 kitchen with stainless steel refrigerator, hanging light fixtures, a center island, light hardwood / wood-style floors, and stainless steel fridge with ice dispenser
┄┄┄┄┄┄
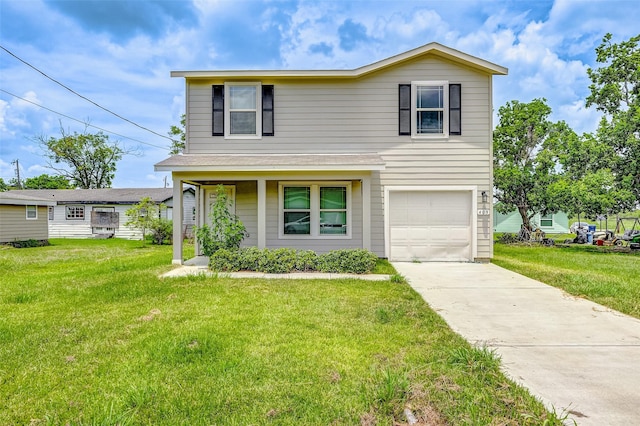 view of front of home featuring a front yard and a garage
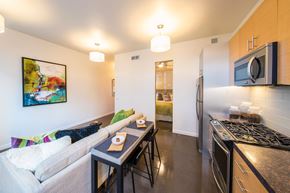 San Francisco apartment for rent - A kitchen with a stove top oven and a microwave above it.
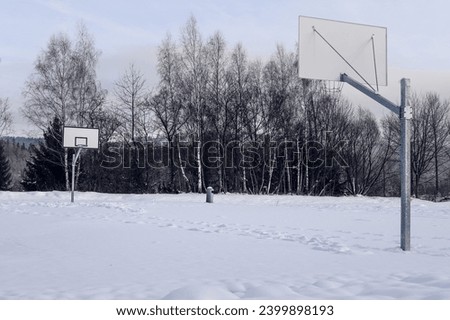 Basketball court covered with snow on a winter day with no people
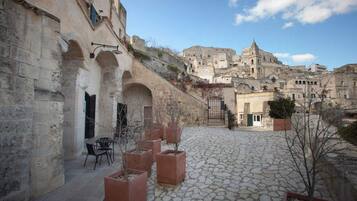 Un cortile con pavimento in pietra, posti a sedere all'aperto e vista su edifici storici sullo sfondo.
┄┄┄┄┄┄
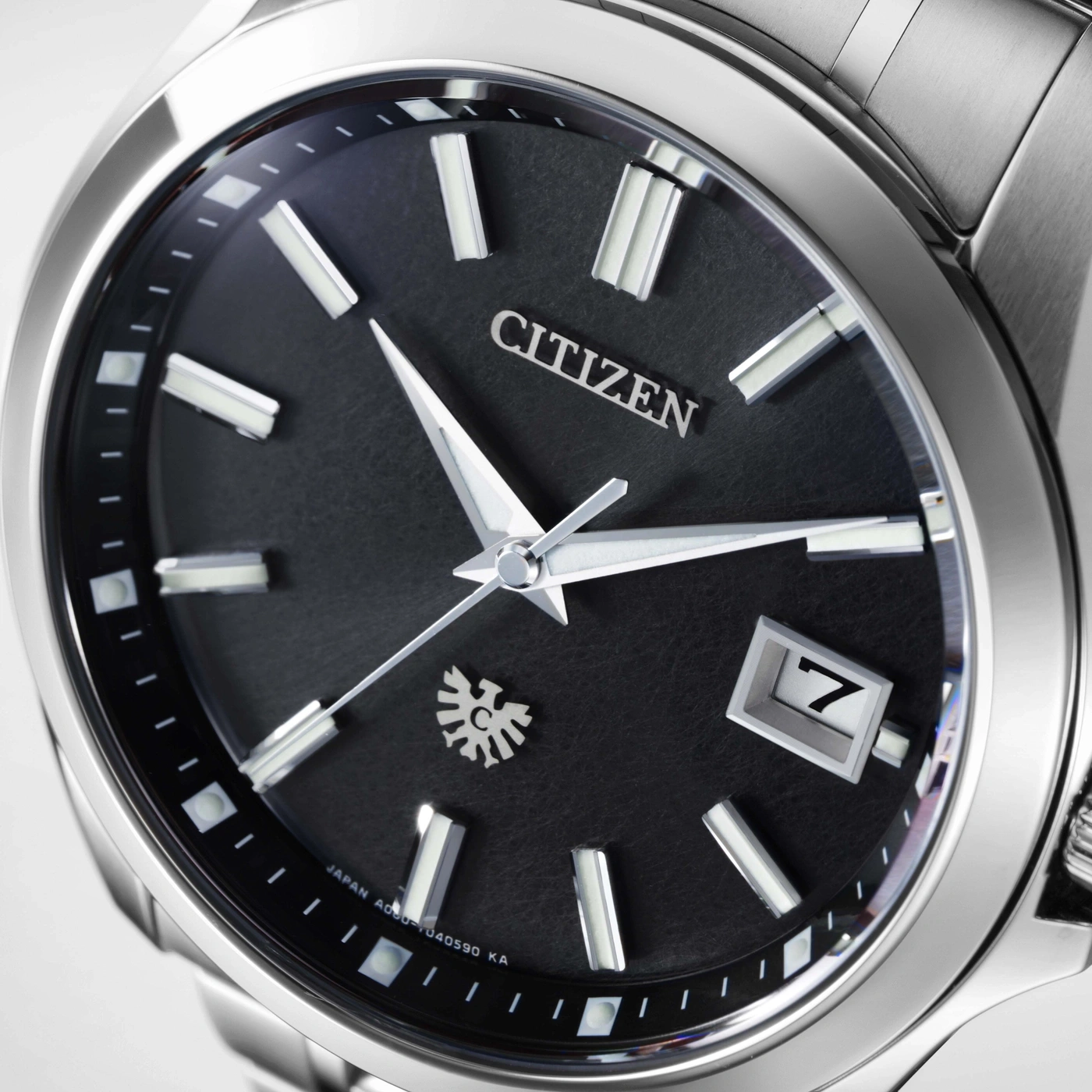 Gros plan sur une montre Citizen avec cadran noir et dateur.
┄┄┄┄┄┄
YOUR GOAL
Copy word for word the lines above, starting at the line containing "Basketball court covered" and ending at the line containing "Un cortile con", inclusive, with no pictures.

TASK ANSWER
 Basketball court covered with snow on a winter day with no people
 Un cortile con pavimento in pietra, posti a sedere all'aperto e vista su edifici storici sullo sfondo.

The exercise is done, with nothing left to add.